[Dataset entries]
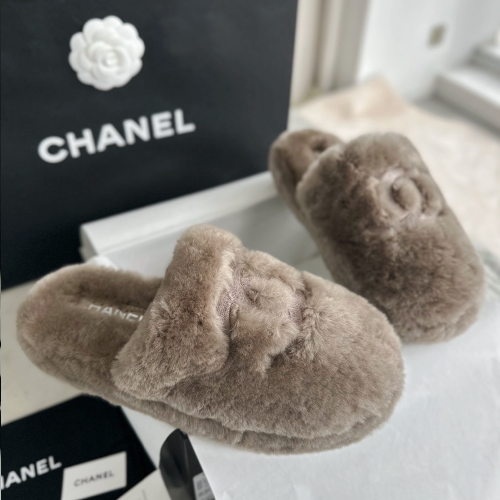 샤넬 시어링 테디 슬리퍼 카키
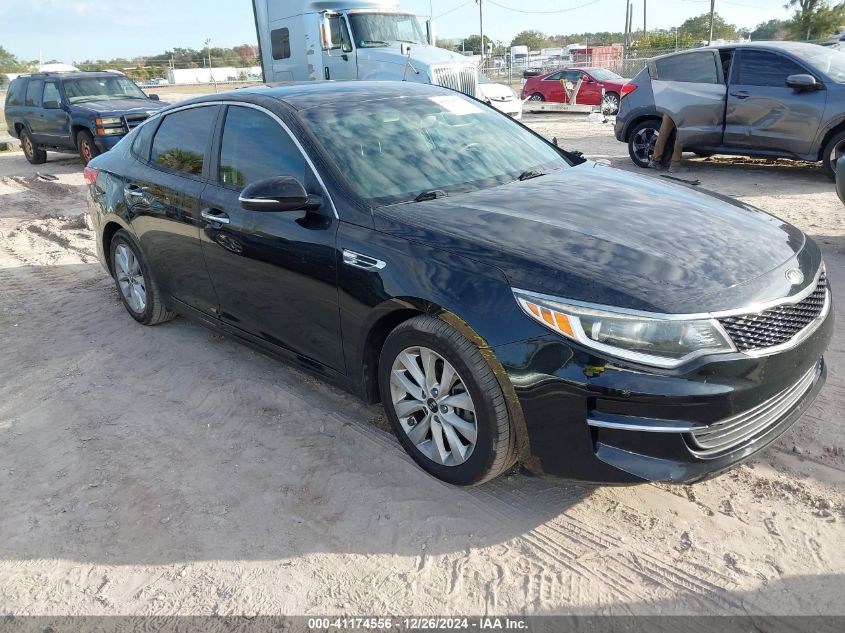 VIN 5XXGT4L30JG267030 2018 KIA OPTIMA no.1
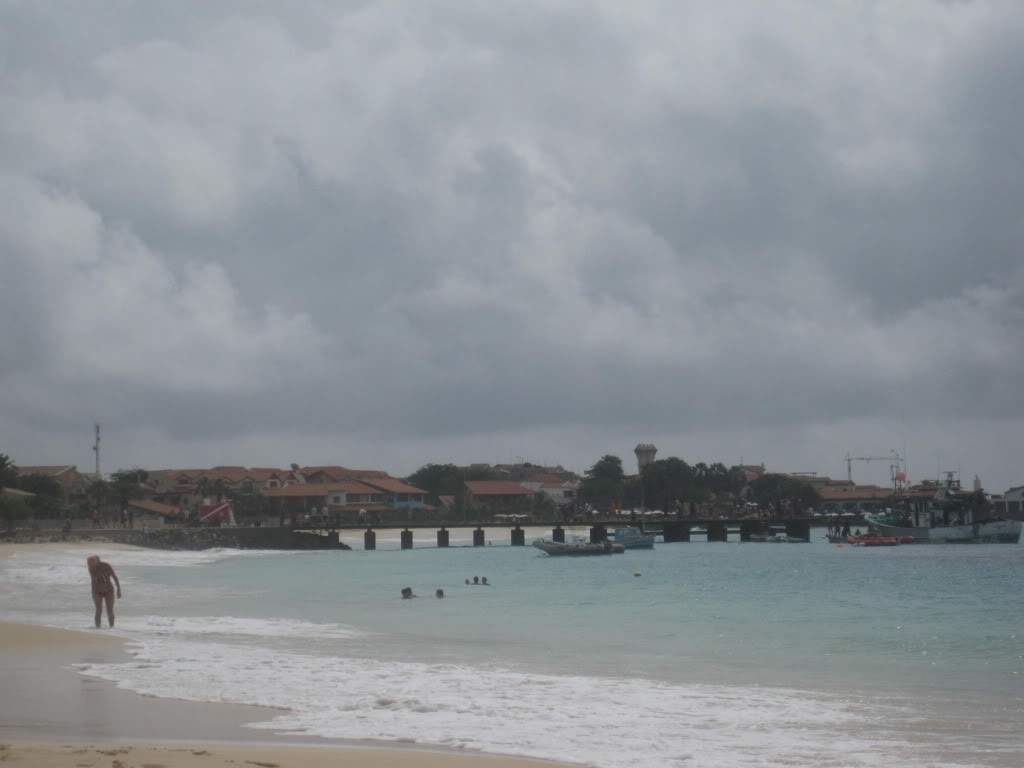 ai890.photobucket.com_albums_ac102_mokas_myphotos_cabo_20verde_20__20sal_9_Pontovistodapraia.jpg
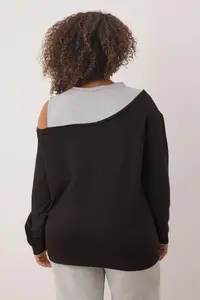 Trendyol Curve Black Crew Neck Omuz Detailed Thin Knitting Plus Size Sweatshirt - Image 4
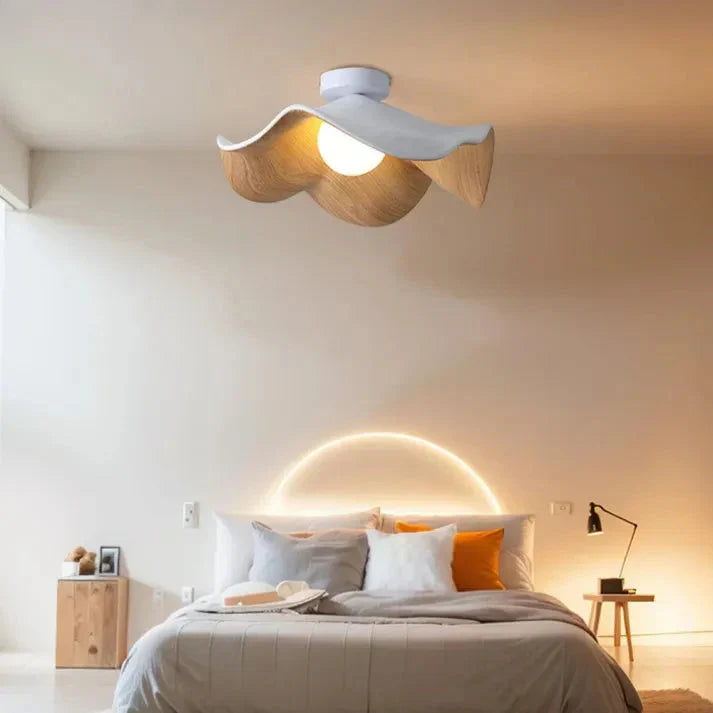 Élorya | Plafonnier Lotus – Charme Contemporain et Lumière Apaisante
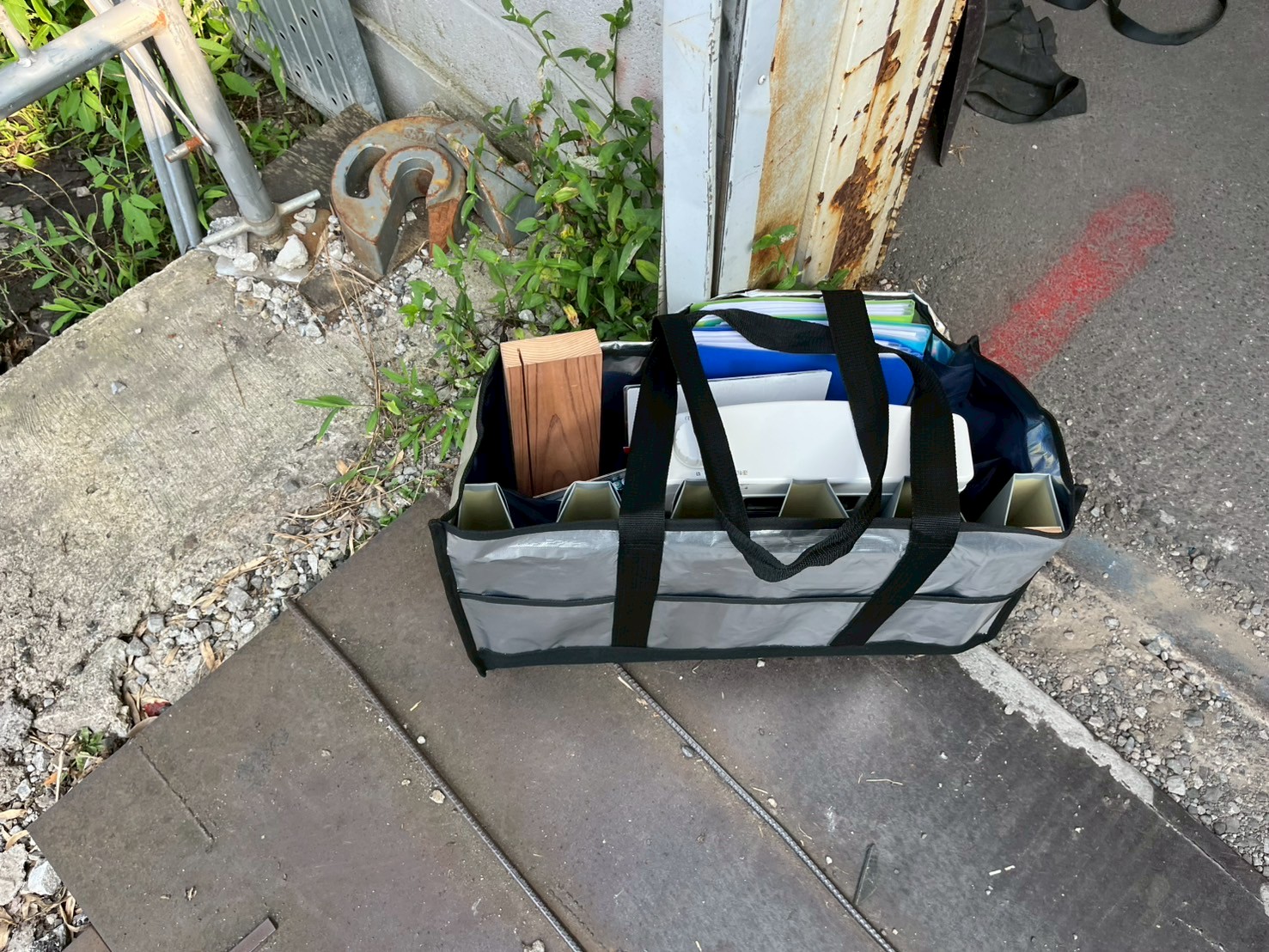 説明のために遮熱塗料のサンプル模型を用意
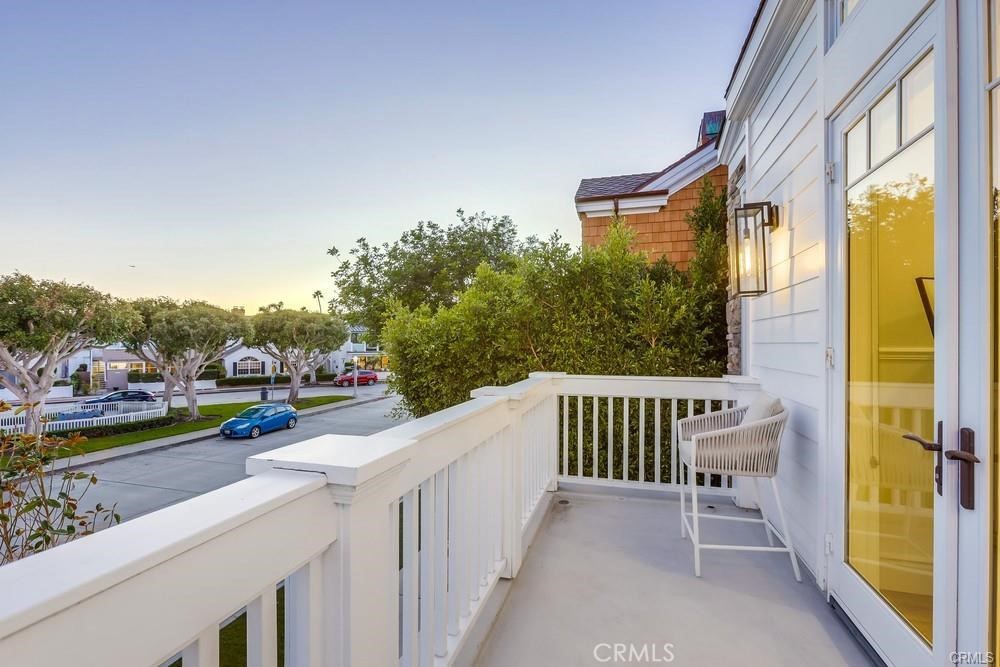 1508 E Balboa Boulevard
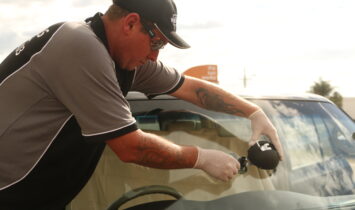 WINDSCREEN CHIPS AND REPAIRS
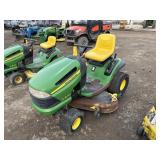 John Deere LA145 Riding Mower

### ACTIVITY
Give the entries above again in full and exactly, but not the pictures.

### FINISHED EXERCISE
 샤넬 시어링 테디 슬리퍼 카키
 VIN 5XXGT4L30JG267030 2018 KIA OPTIMA no.1
 ai890.photobucket.com_albums_ac102_mokas_myphotos_cabo_20verde_20__20sal_9_Pontovistodapraia.jpg
 Trendyol Curve Black Crew Neck Omuz Detailed Thin Knitting Plus Size Sweatshirt - Image 4
 Élorya | Plafonnier Lotus – Charme Contemporain et Lumière Apaisante
 説明のために遮熱塗料のサンプル模型を用意
 1508 E Balboa Boulevard
 WINDSCREEN CHIPS AND REPAIRS
 John Deere LA145 Riding Mower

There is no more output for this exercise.